В отличие от детей взрослые оставили без внимания столь яркий культурологический маркер, для этой группы участников эксперимента число семь было просто синонимом слову «много». Это в очередной раз доказывает, что дети наиболее восприимчивы к культурным маркерам глубинных структур.
Изучение особенностей волшебных сказок и их перевода с русского на английский и другие языки подтверждает мысль о том, что именно «текст является инструментом в процессе межкультурной коммуникации. При этом тексту перевода приходится «встраиваться» в новую парадигму: он оказывается элементом, принадлежащим одновременно двум системам -- исходной культуре и культуре реципиента. Текст не только воздействует на реципиента, но и сам подвергается воздействию иной культуры» (Кондратенко 2011: 123).
Приведенные выше рассуждения вполне релевантны не только в отношении собственно текстов волшебных сказок, но и в отношении экранного воплощения последних. Покажем это на материале экранизаций волшебных сказок, предстающих как специфическая разновидность интерсемиотического перевода (см. Введение).
3. «Вечный кругосвет, сказочный сюжет -- чудовище и белль...»
В силу очевидной необозримости количества волшебных сказок, созданных в отдельных культурах за всю историю человечества, сосредоточим наше внимание на фильмах, сюжетная линия которых в общих чертах воспроизводит волшебные сказки, объединенные единой темой, условно обозначенной «Красавица и чудовище». Отобранный нами корпус (13 кино- и телеверсий) включает художественные и анимационные фильмы, а также фильмы-мюзиклы:
Красавица и чудовище (х/ф, реж. Ж. Кокто, Франция, по мотивам сказки Жанны- Мари Лепренс де Бомон «Красавица и чудовище» (La Belle et la Bкte, 1757), 1946 год).
Аленький цветочек (мультфильм, реж. Лев Атаманов, СССР, по сказке С.Т. Аксакова «Аленький цветочек» (1858), 1952 г.).
Красавица и чудовище (мелодрама, реж. Филдер Кук, США, 1976 год).
Аленький цветочек (фильм-сказка, реж. И. Паволоцкая, СССР, по мотивам одноименной сказки С. Аксакова, 1977 г.).
Красавица и чудовище (фильм-мюзикл, реж. Ю. Марнер, Израиль/США, 1987 г.).
Красавица и чудовище (телесериал, реж. В. Лобл, Г. Триконис, 1987--1990 гг.).
Красавица и чудовище (мультфильм, реж.
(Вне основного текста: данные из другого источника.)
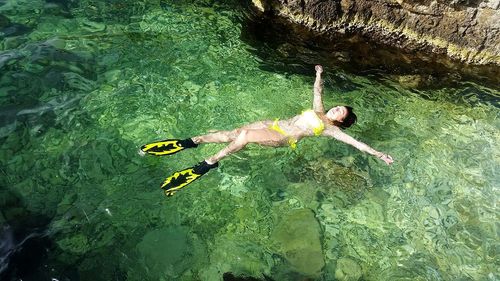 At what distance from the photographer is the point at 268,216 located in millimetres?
6582

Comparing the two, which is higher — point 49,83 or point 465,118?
point 49,83

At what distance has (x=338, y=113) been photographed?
22.2 feet

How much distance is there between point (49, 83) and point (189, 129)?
9.33 ft

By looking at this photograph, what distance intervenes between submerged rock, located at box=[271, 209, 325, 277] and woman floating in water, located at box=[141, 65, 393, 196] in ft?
4.20

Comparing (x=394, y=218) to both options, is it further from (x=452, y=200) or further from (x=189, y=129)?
(x=189, y=129)

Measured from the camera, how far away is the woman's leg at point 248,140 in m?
6.57

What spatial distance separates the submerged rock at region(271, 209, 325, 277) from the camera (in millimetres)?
6066

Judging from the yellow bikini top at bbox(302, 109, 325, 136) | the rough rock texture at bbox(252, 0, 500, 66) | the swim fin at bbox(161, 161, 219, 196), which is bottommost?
the swim fin at bbox(161, 161, 219, 196)

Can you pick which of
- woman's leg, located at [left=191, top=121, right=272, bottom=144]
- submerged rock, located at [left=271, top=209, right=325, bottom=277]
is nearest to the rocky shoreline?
woman's leg, located at [left=191, top=121, right=272, bottom=144]

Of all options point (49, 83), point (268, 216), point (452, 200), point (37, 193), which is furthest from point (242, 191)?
point (49, 83)

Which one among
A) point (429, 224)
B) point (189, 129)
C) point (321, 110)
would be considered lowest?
point (429, 224)

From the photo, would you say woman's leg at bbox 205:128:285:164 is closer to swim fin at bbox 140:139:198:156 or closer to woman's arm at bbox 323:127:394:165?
swim fin at bbox 140:139:198:156

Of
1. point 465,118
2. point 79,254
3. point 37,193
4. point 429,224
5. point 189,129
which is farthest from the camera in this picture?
point 465,118

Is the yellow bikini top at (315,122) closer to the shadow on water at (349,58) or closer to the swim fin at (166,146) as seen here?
the swim fin at (166,146) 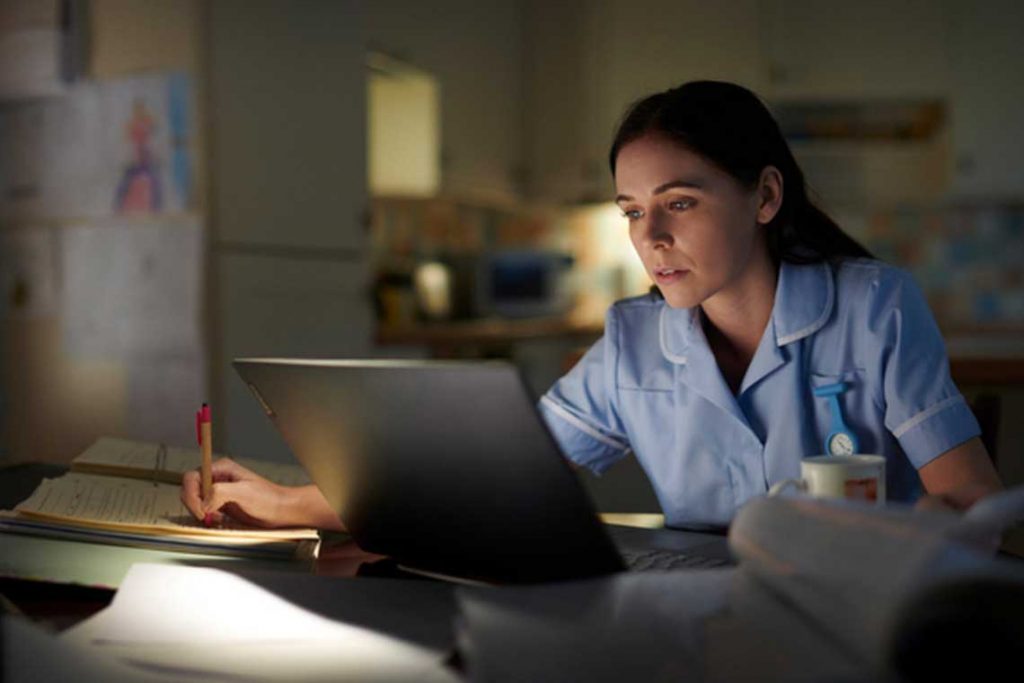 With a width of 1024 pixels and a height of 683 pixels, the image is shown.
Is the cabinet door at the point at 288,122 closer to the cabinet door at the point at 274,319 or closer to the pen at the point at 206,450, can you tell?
the cabinet door at the point at 274,319

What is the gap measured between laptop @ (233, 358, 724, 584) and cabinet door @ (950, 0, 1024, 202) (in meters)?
4.31

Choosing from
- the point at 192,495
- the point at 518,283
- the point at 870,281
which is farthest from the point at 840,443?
the point at 518,283

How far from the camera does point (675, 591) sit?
2.12ft

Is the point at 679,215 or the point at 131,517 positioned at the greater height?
the point at 679,215

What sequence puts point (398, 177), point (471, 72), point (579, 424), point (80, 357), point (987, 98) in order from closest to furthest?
point (579, 424)
point (80, 357)
point (398, 177)
point (471, 72)
point (987, 98)

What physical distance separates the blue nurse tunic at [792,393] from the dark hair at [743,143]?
8 cm

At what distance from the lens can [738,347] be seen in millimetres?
1332

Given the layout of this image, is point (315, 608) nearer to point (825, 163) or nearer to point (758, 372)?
point (758, 372)

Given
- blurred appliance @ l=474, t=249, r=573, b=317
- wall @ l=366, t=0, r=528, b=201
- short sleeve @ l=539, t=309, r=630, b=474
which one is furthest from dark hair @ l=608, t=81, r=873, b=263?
blurred appliance @ l=474, t=249, r=573, b=317

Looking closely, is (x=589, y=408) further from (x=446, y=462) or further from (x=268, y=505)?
(x=446, y=462)

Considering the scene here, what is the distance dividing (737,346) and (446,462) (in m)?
0.69

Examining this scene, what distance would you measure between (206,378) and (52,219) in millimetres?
641

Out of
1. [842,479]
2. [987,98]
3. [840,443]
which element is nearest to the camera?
[842,479]

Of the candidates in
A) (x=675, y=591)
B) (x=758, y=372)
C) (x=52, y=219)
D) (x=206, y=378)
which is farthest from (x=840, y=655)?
(x=52, y=219) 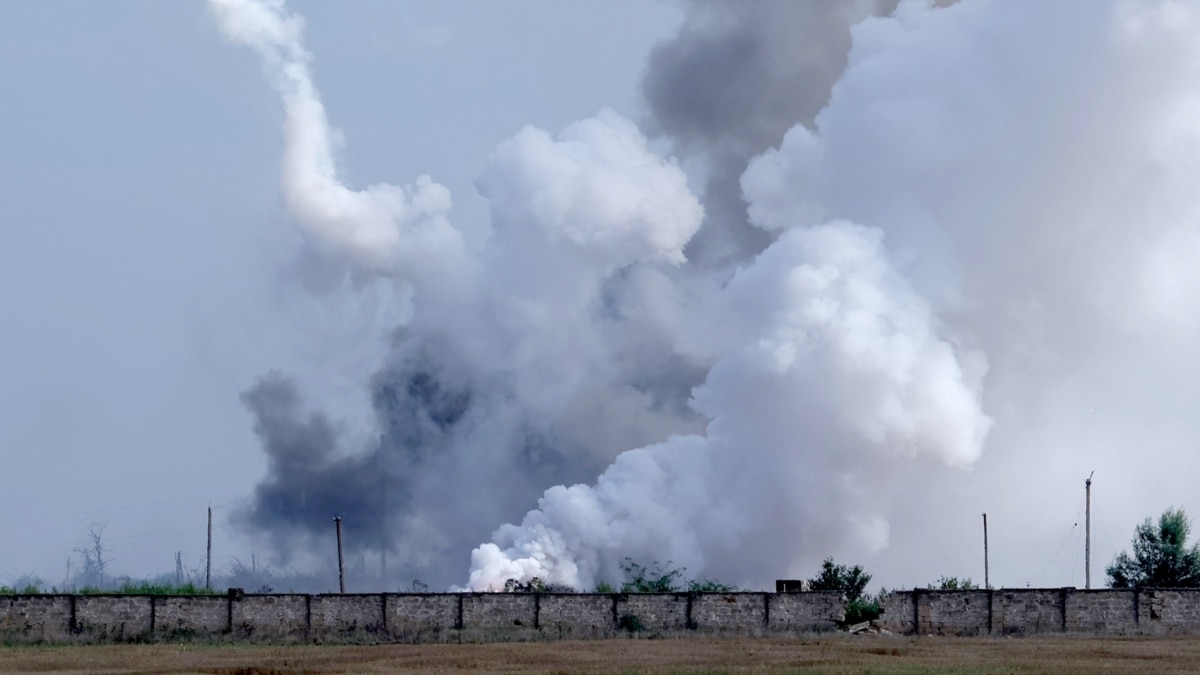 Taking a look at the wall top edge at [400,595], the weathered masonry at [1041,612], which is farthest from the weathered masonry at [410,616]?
the weathered masonry at [1041,612]

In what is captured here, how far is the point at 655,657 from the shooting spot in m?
58.4

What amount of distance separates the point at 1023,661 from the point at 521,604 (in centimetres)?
2970

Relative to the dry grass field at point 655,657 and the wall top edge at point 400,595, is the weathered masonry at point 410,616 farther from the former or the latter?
the dry grass field at point 655,657

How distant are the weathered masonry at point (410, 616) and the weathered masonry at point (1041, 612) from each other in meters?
3.73

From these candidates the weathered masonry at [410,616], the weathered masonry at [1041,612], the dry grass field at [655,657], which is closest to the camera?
the dry grass field at [655,657]

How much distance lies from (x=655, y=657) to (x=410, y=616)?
895 inches

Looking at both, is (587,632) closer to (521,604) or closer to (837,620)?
(521,604)

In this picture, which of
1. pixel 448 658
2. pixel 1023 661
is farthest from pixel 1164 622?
pixel 448 658

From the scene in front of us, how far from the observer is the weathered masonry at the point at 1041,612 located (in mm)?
78062

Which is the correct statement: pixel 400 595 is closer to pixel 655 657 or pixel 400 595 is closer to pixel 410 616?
pixel 410 616

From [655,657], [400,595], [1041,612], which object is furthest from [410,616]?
[1041,612]

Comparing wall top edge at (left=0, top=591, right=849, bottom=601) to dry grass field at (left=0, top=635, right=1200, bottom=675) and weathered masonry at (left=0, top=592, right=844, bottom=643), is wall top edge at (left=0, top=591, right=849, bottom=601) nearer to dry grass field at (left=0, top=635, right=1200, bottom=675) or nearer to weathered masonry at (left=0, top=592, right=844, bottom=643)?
weathered masonry at (left=0, top=592, right=844, bottom=643)

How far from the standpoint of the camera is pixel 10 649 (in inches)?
2741

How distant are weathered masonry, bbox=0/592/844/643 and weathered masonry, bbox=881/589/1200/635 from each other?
3.73 meters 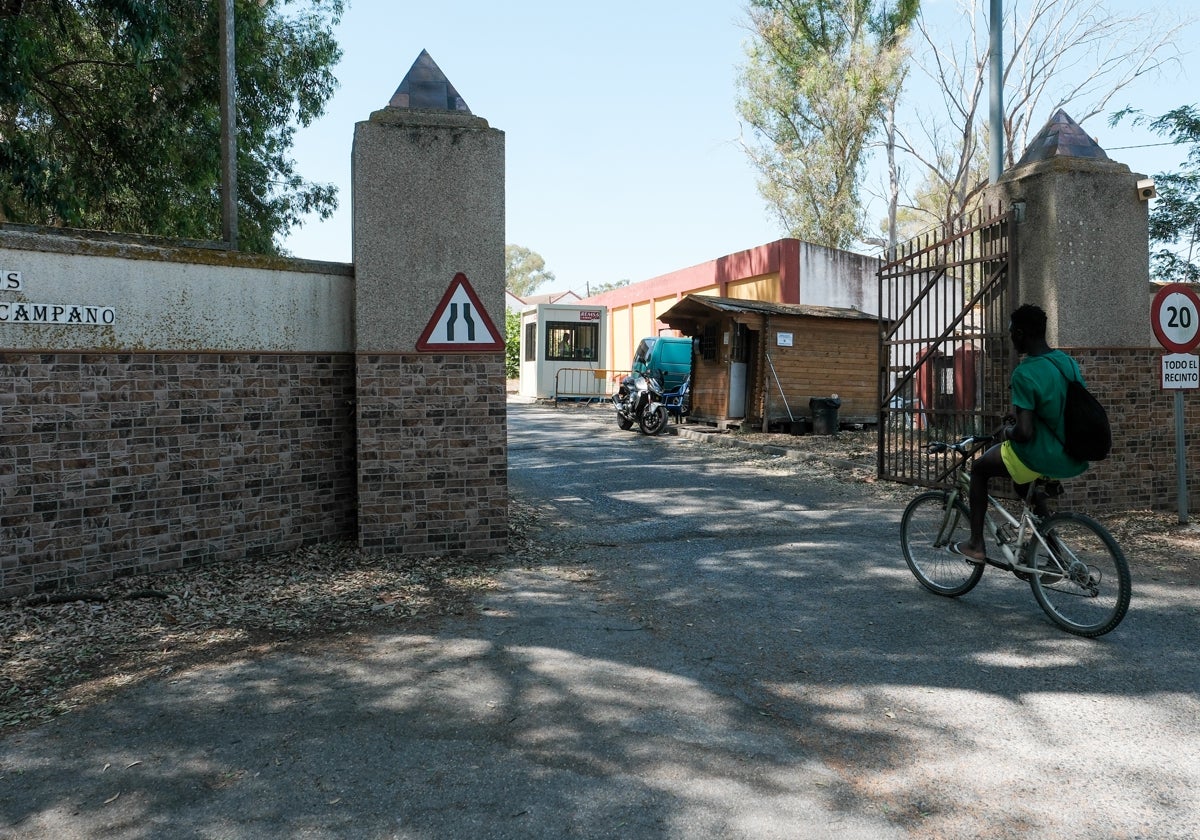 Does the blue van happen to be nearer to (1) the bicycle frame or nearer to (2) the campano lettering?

Г. Трусдейл, К. Уайз, США, по одноименной сказке Жанны-Мари Лепренс де Бомон, 1991 г., две премии Оскар).
Сказка о купеческой дочери и таинственном цветке (телефильм, реж. В. Грамматиков, по мотивам сказки С.Т. Аксакова «Аленький цветочек», 1991 г.).
Страшно красив (романтическая сказка / молодежное фэнтези, реж. Дэниэл Барнц, экранизация романа Алекс Флинн «Чудовище», США, 2011 г.).
Красавица и чудовище (телесериал, драматический триллер, реж. С. Гиллард, С.А. Эделсон, Р. Бота, Канада, 2012--2016 гг.).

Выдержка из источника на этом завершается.